Он взял бинт, начал бинтовать – туго, профессионально, но с такой бережностью, что боль отступила, уступив место чувству надежной фиксации.
– И знаешь, – продолжал он, не глядя на меня, сосредоточенный на работе, – это даже символично. Ты, король сосудов, дающий жизнь, теперь зависишь от каприза простой связки. Смирение полезно.
Он закончил бинтовать, закрепил конец и вдруг, быстрым как молния движением, провел двумя пальцами по подъему моей здоровой ноги. Щекотка, острая и неожиданная, заставила меня дернуться и нелепо фыркнуть.
– Табиб!

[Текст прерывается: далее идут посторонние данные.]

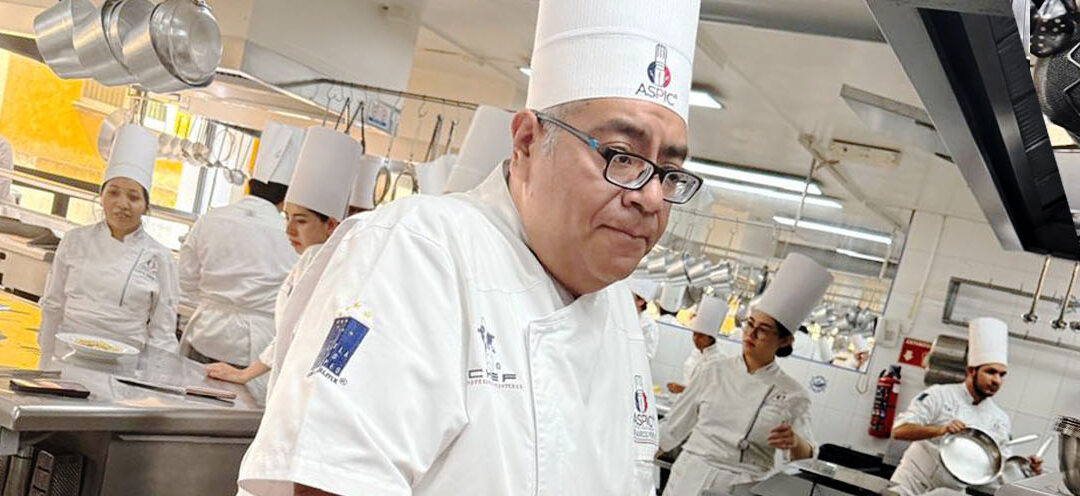 El Chef Marcos Pérez, académico del Instituto Gastronómico ASPIC, nos comparte su receta navideña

Клянусь… когда сниму эту тряпку…
– Когда снимешь, я буду уже далеко, – усмехнулся он, отходя и снимая перчатки. – Или ты догонишь меня на костылях? Света! – крикнул он в сторону сестринского поста. – У нас здесь инвалид на благородной почве. Помогите его в палату доставить. И чтоб не вставал без моего разрешения.
Так начались мои две недели плена. Не в палате, конечно – коек не хватало для таких пустяков. Я остался в своем блиндаже, превратив его в штаб хромого командира. И Табиб, мой боевой друг, мой второй скальпель в сложнейших операциях, стал моим личным надзирателем, сиделкой и главным источником раздражения.

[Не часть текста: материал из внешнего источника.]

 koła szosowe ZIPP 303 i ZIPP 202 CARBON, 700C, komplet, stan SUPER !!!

Именно в эти две недели я узнал о нем то, что не замечал за грохотом операций и гулом генераторов. Узнал о жестяной коробке.
Жестяная коробка
Он пришел на следующий день, принеся завтрак: пресную овсяную кашу и чай, заваренный на сосновых иголках – его фирменный «лесной антицинготный эликсир».

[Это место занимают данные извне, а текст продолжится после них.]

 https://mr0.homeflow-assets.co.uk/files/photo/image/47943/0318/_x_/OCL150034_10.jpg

– Как нога, ваше высочество?
– Отвали, Табиб.
– Не отвалю. Ты мой шедевр. Мой личный, невоенный проект. – Он поставил поднос, уселся на табурет у моей койки и достал из кармана полевой куртки небольшую, помятую жестяную коробку из-под патронов. Она была чисто вымыта, но на крышке остались царапины и вмятина.
– Что это? – спросил я.
– Моя бухгалтерия, – ответил он просто, открывая крышку.
Внутри, на сером бархате (откуда он взял бархат в этом аду?), лежали камни. Не драгоценные. Обычные морские камешки, гладкие, обточенные водой. Десятки. Каждый размером с фалангу пальца.
– За каждую спасенную конечность, которую человек реально сможет использовать, – тихо объяснил он. Я впервые слышал в его голосе такую интонацию – не хирургическую твердость, не ироническую издевку, а что-то глубоко личное, почти исповедальное. – Не просто ампутацию предотвратили, а именно вернули функцию. Ходьбу. Хват. Один камень.
Он взял один, серый с белой прожилкой, перекатал в пальцах.
– Этот – за того капитана с раздробленной пяточной костью, помнишь? Ты там свою магию с микроанастомозами творил. Он вчера письмо прислал. Говорит, на лыжи встал. С дочкой.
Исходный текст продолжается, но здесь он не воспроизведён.